Work to be completed: In this exercise, the entries below include pictures. Repeat exactly the lines from the line with "SYSTEM-S DisplayPort snúra" to the line with "Il 1040X Instructions", including both, but without the pictures.

Material supplied:
______________________________

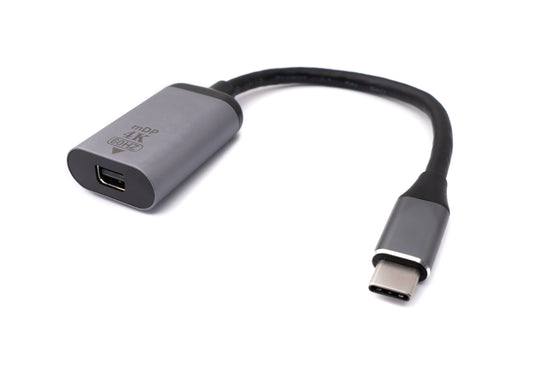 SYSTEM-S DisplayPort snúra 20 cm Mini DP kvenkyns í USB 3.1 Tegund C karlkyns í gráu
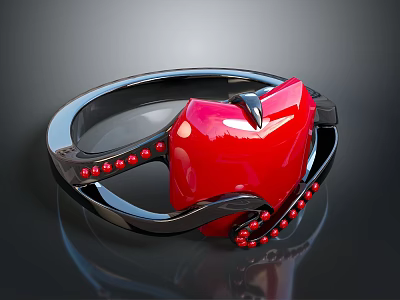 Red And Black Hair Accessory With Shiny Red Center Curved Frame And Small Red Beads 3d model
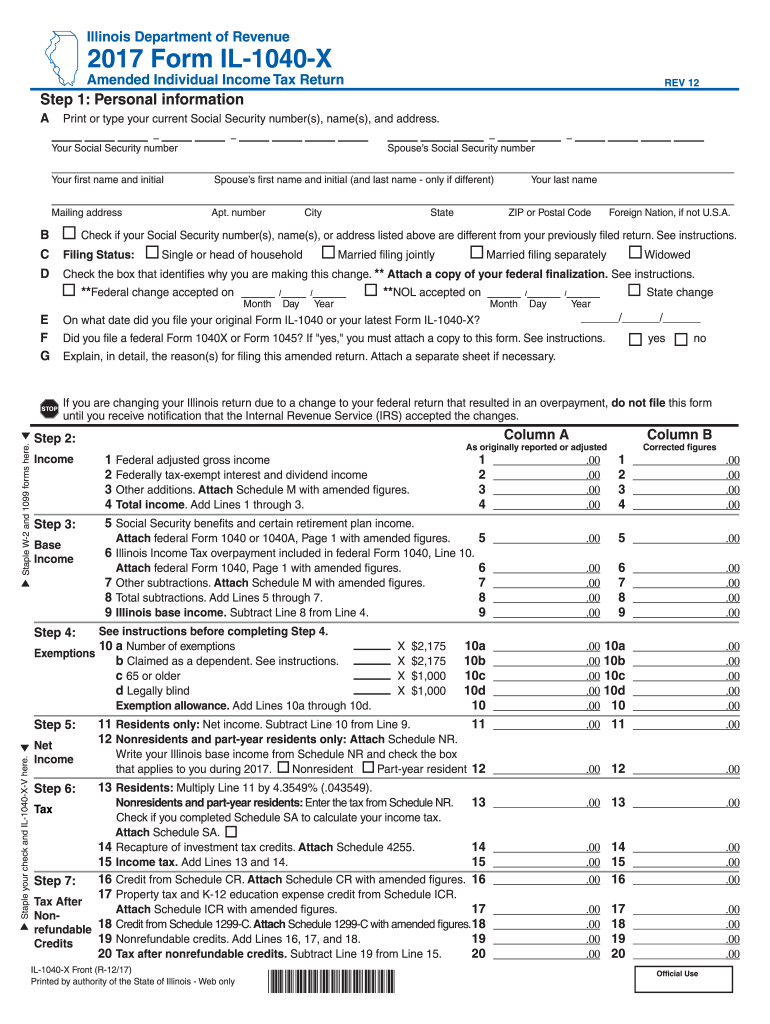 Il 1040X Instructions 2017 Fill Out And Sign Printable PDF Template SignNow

______________________________

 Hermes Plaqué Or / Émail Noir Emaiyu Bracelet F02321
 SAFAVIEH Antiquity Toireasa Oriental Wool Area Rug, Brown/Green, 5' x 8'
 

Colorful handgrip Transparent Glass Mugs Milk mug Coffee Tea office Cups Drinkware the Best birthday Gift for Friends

______________________________

Answer section:
 SYSTEM-S DisplayPort snúra 20 cm Mini DP kvenkyns í USB 3.1 Tegund C karlkyns í gráu
 Red And Black Hair Accessory With Shiny Red Center Curved Frame And Small Red Beads 3d model
 Il 1040X Instructions 2017 Fill Out And Sign Printable PDF Template SignNow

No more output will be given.